The UK turning its back on EU data privacy laws may lead to a slowdown in online and mobile travel sales, seeing as data systems used in the UK and Europe diverge. It will be more difficult for online travel brands to launch pan-European platforms and there will be a need to develop UK-specific technology to meet national laws as the UK bifurcates from Europe on data distribution and privacy. The abolition of roaming charges across Europe is planned for 2017, and now doubt has been cast on whether the UK will follow suit. Already, mobile travel sales accounts for 21% of online travel sales sold to UK residents and there is huge potential for travel brands to mine this area to grow additional travel services sold during the trip – that opportunity may now be at risk due to Brexit.
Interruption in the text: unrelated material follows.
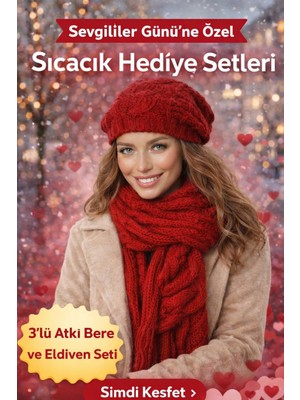 Wearflawless 3'lü Atkı, Bere ve Eldiven Seti, Sevgililer Günü Hediyesi, Kışlık Hediye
For international start-ups looking for innovation, collaboration and a shared sense of purpose, London may lose its crown to European alternatives such as Berlin and Amsterdam, where it may be easier to secure a visa, business grants and short-term residency. This would knock a chunk out of London’s tech-hub status in the short to mid term as it struggles to attract and maintain top talent. Business travel into the UK is likely to take a sharp nose-dive over the next two years or more whilst deals are struck, seeing as business travel is much more sensitive to external shocks than leisure travel. The shockwaves of the vote will be felt for many months and years to come, and the travel industry needs to batten down the hatches and keep focused on ensuring the UK travel and tourism industry remains open for business.
Over the coming weeks, the travel team will review the potential impact of Brexit through opinion pieces, looking at lodging and the UK’s investment outlook; airline capacity challenges and what the future holds for the single EU aviation market; along with which destinations around the world are most at risk of a fall in UK outbound tourism demand.